Click-through, open, and click-to-open rates are all valuable ways to measure how your audience is engaging with internal communications, but diversifying the metrics you use can offer a more complete picture of what’s happening across the organization.

  • Why it matters: Developing more nuanced metrics will both help you quantitatively explain the value internal communications are adding to your organization and begin to help you draw a direct line between them and broader engagement and retention goals.

“The first thing that we try to do,” says McKinsey & Company Head of Lifecycle Engagement Joel Willcher, “is think about what's the behavior [we want to encourage] and how would we observe the behavior? If you don't know, it's hard to communicate that in a crisp way. And it's hard to track whether that's happening.”

Focus on the problem you’re trying to solve by digging into metrics that speak to both individual contributor views and company-wide sentiments — which means incorporating new tactics to get a full picture.  

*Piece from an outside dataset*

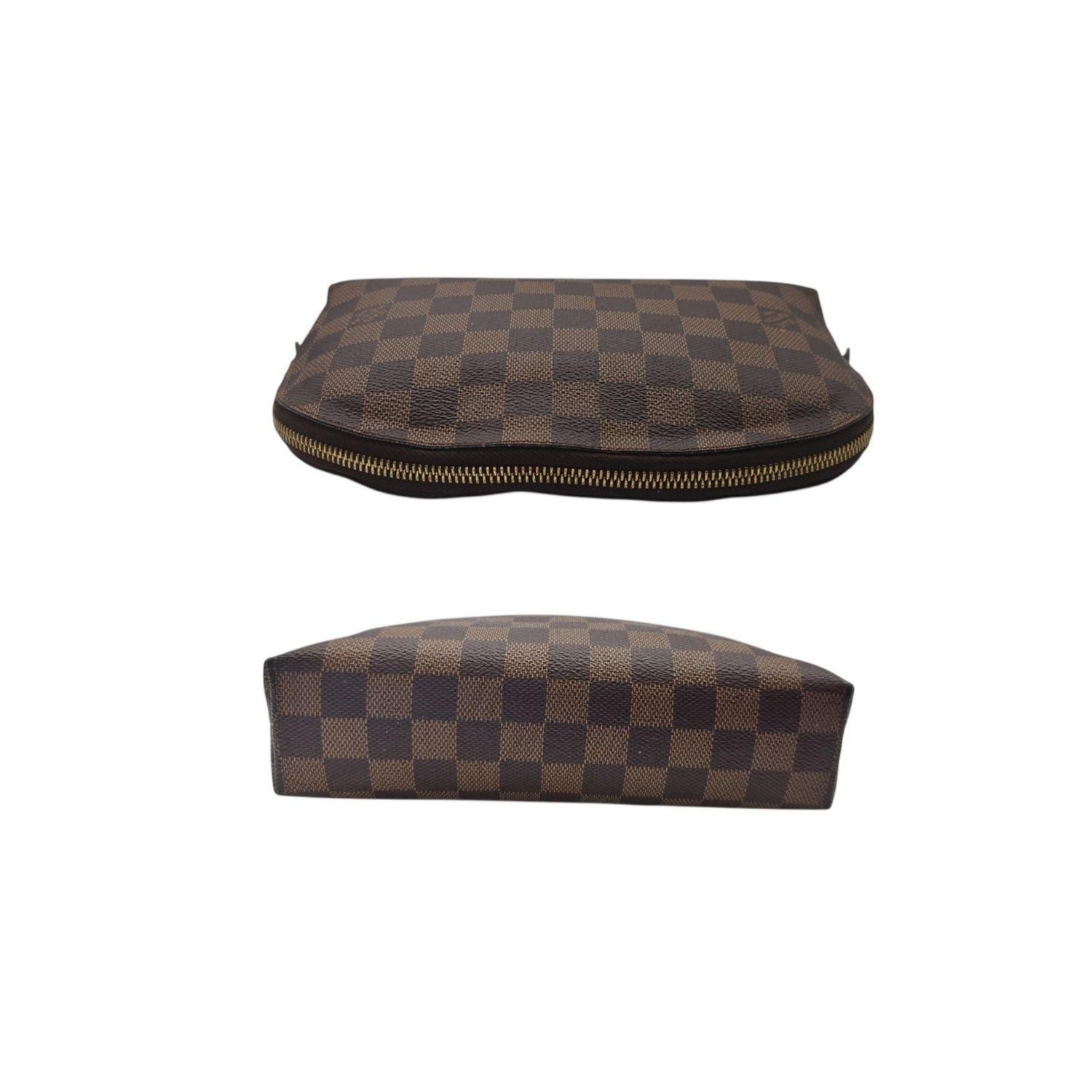 Louis Vuitton 2016 Damier Ebene Cosmetic Pouch In condizioni buone in vendita a Scottsdale, AZ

💡 Four unique topics to track:

  • Employee satisfaction: Zero in on larger, more organization-wide opportunities with annual input. “We really focus on the annual employee health and satisfaction survey. The annual survey tells us how we are contributing to the overall atmosphere of the institution and the health and stickiness of our value proposition,” Joel said. That way, you can tackle the topics employees want to hear about most.
  • Employee emotion: Ask weekly how they’re feeling. It can go a long way in determining if they find their work meaningful. “Our people team does a weekly sentiment survey,” Joel said. “There's an open text box, and we learn a ton about what communications techniques are landing with folks. Because it is weekly, it's easier to recognize patterns.”
  • Employee energy: Employees put more effort into their daily tasks when they are engaged and have a sense of pride in their work. Survey employees with quick one-click polls to see how they are doing during their work week — and be ready to shift priorities or reallocate tasks when employees report burnout. “We spent a lot of time figuring out what kind of question people would appreciate being asked,” Joel said. 
  • Community building: Connections create a sense of belonging, which plays a large role in employee retention, or what Joel calls “employee stickiness.” By creating a true culture and community at your organization, employees are more likely to feel — and stay — aligned around the messages you send. Look at how many attend happy hours, what teams plan bonding events, and how colleagues are communicating with each other to get a general sense of how strong your community is. 

The bottom line: Focus on the behavior you want, then turn to opens and clicks and all the other metrics that annotate it, create feedback loops, and you’ll be able to see, track, and change trends in a much more powerful way.  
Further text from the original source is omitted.